The case was brought by Gerald Groff, a U.S. Postal Service mail carrier who believed for religious reasons that Sundays should be devoted to worship and rest.  When Groff refused to work Sundays, USPS redistributed his Sunday deliveries to other staff and disciplined Groff, who later resigned.  Groff then sued USPS under Title VII, asserting that USPS could have accommodated his Sunday Sabbath practice without undue hardship.

The District Court granted summary judgment to USPS.  The Third Circuit affirmed based on the U.S. Supreme Court’s 1977 decision in Trans World Airlines, Inc. v. Hardison, which it construed to mean “that requiring an employer ‘to bear more than a de minimis cost’ to provide a religious accommodation is an undue hardship.”  The Third Circuit found the de minimis cost standard was met, as exempting Groff from Sunday work had “imposed on his coworkers, disrupted the workplace and workflow, and diminished employee morale.”

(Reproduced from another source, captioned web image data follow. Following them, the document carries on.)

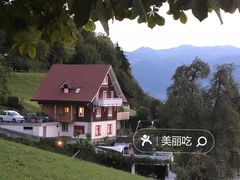 -瑞士英格堡小镇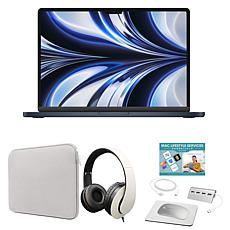 Apple 15" MacBook Air M5 16GB RAM 512GB SSD Laptop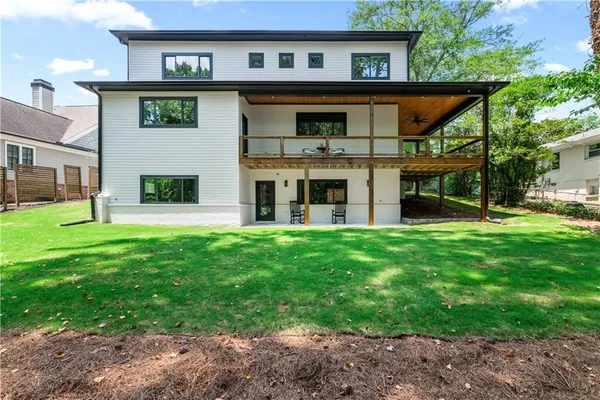 $1,499,000 | 2771 Guthrie Street, Smyrna, GA 30080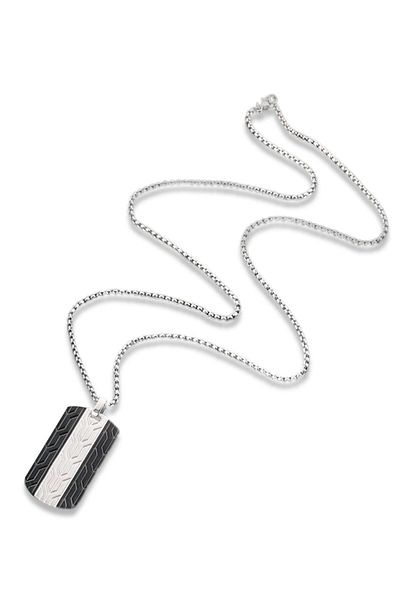Lee Cooper Lc.n.01153.350 Men's Necklace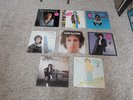 8 Leo Sayer Lp's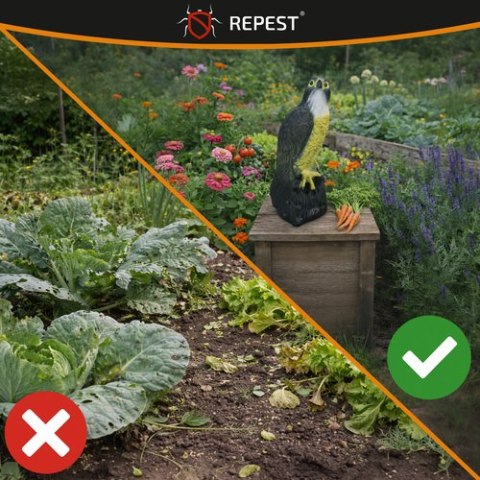 Odstraszacz ptaków - sokół 23421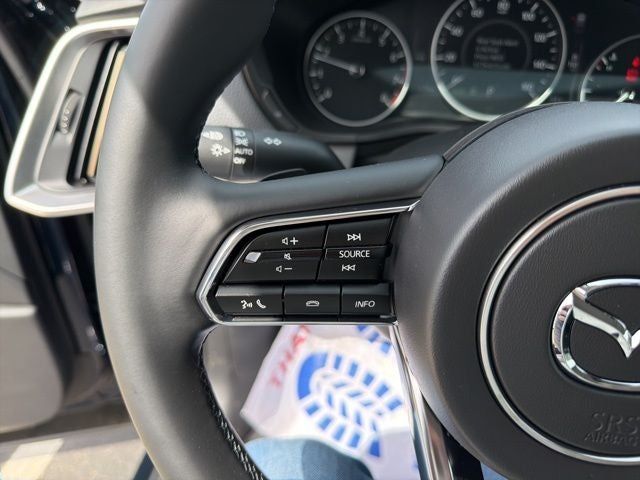 2026 Mazda Mazda CX-90 3.3 Turbo Preferred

The question presented in Groff v. DeJoy was twofold: (1) whether the Court should disapprove the de minimis cost test for refusing Title VII religious accommodations as stated in Hardison; and (2) whether an employer may demonstrate “undue hardship” under Title VII merely by showing burden on the employee’s coworkers rather than the business itself. 

On the first question presented, the Court held that an “undue burden” was one that would result in “substantial increased costs in relation to the conduct of its particular business” – a “fact-specific inquiry” that comports with both Hardison and the meaning of “undue hardship” in ordinary speech.  The Court stated that the test must be applied in a manner that takes into account “all relevant factors in the case at hand, including the particular accommodations at issue and their practical impact in light of the nature, size, and operating cost of [the] employer.”  However, the Court declined to determine whether USPS had met this standard, and instead remanded to the lower court to make that determination.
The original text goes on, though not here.